Deer Hirsch, 1995 (With former partner Jochen Klein)


In 1998, at a time when Tillmans felt the world was “over-photographed”, he shifted his focus to a series he called Silver, where pictures were made by experimenting with light, chemicals, salts and algea run through a film processing machine on silver nitrate-coated paper to create a set of colorful, ethereal works. He further explored non-lens pictures through his Freischwimmer series which is the result of directing light sources and light-emitting tools over light-sensitive paper.


Freischwimmer 33, 2003


After a time, Tillmans returned to his lens-based photography practice. He was a late adopter of high-definition digital cameras, as he wrapped his head around how to use a machine that had greater visual acuity than the human eye. When he did adjust to the new technology, he chose not to use a specialized camera, but a Canon S.L.R. manufactured for general use.
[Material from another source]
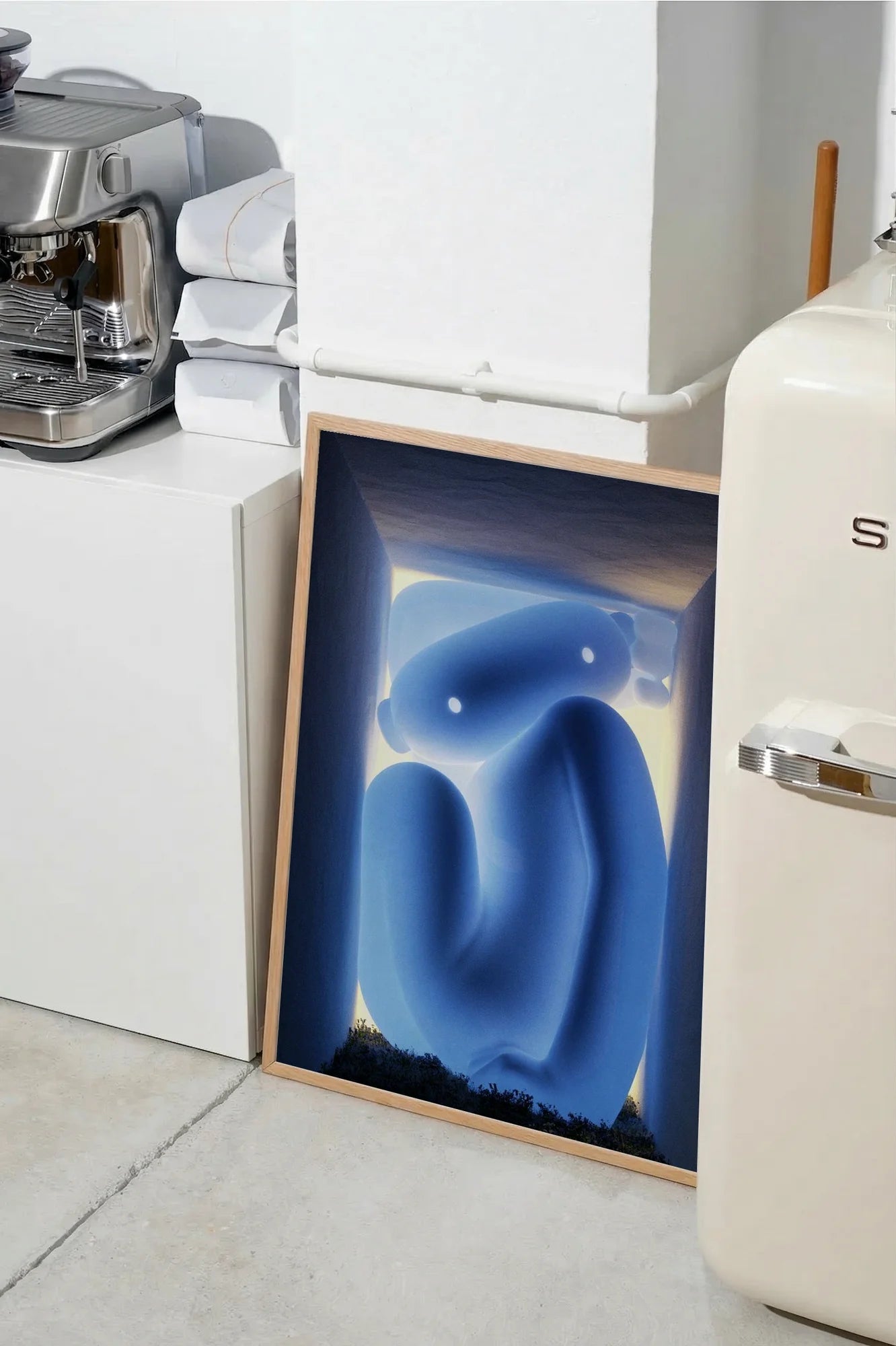 Blue Ethereal Dreams - SMEG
Before that, he had used a 35mm. Fuji film and a 50-mm. lens, roughly the same focal length as the human eye.


Lüneburg (self), 2020


In 2016, as the Brexit vote loomed and right-wing, nationalist political sympathies were growing around the world, Tillmans felt compelled to speak out in favor of the values he embodies. He made posters to publicly campaign against Brexit in the UK and the AFD party in Germany. He formed a foundation called Between Bridges to support the arts and democracy with a focus on LGBTQ rights and combatting racism. He also created a series called Truth Study Center, which combines newspaper clippings and scientific papers to illustrate how media shapes our beliefs. The role of activist is one that Tillmans’ takes on reluctantly, out of necessity to defend a way of life that he holds dear. In describing his current exhibition at the MoMA, Tillmans says “the show is not a manifest or a rallying cry…maybe photos become standout icons for something, but there’s an openness, it’s not pushing a clearly worded message. I consciously chose that non-partisan approach.”